Steve Brizel on September 20, 2012 at 9:16 am (Reply)
See R Asher Weiss's Minchas Asher on the Moadim for a discussion of the pros and cons of the recitation of Machnisei Rachamim.
Enosh Atei on September 20, 2012 at 1:34 pm (Reply)
What about the slikha Malakhei Rakhamim M'shartei Elyon?
Nahum Schnitzer on September 20, 2012 at 2:16 pm (Reply)
This is a beautiful and effective piece of poetry - it should not be understood literally.
I can't say what the intentions of the author were, but few Jews believe that angels can intercede for us. We are in little danger.
Shlomo Brody on September 20, 2012 at 5:56 pm (Reply)
Nahum and Sydney,

Thanks for your comments.
I think that there are a number of reasonable justifications given to reciting interecessory prayers, as I indicated, and while I do not ultimately find them to be compelling, I think that they are definitely reasonable. However, I do not think it is accurate to assert that these are allegorical references - most commentators take the prayer quite literally, and hence the ongoing historical debate.
Thanks again for taking the time to read my article.
Shlomo Brody
Deacon Jim Stagg on September 20, 2012 at 10:24 pm (Reply)
Are you sure angels have "no free will"? How, then, do you explain Lucifer's fall from grace?

Just be glad you are not Catholic. We storm the throne of G-d with everyone who might intercede for us......including our personal Guardian Angels. And, you know, that method seems to work, more often than not for this soul.
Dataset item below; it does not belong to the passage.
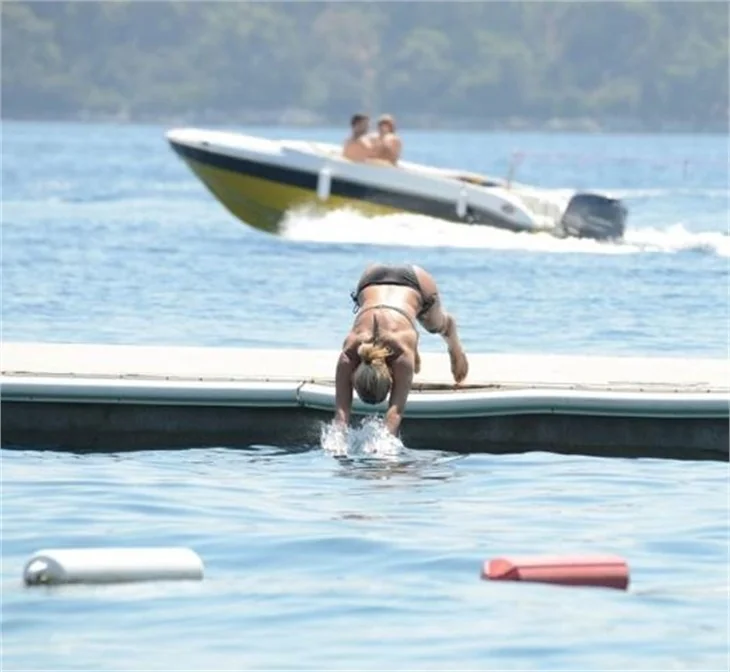 Ece Vahapoğlu tatilde de sporu ihmal etmedi!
Maybe you limit the Unlimited by your opinion.
Josh on September 20, 2012 at 11:40 pm (Reply)
Just wondering why intercessory prayers at the graves of tzadikim shouldn't fall under the same category.
    Elon on September 21, 2012 at 3:48 am (Reply)
    They do. Rambam considers asking a dead person to intercede to also be questionable. Slightly more defensible in that the Talmud implies that G-d at least debates with dead people about the fate of their descendants. But he would totally be against the practice.
    Shlomo Brody on September 21, 2012 at 4:34 am (Reply)
    Hi Josh,
    Thanks for your question.
    Indeed, there is a similar debate, although many people argue that the point is the ambiance of the cemetery, but that we don't pray to the deceased.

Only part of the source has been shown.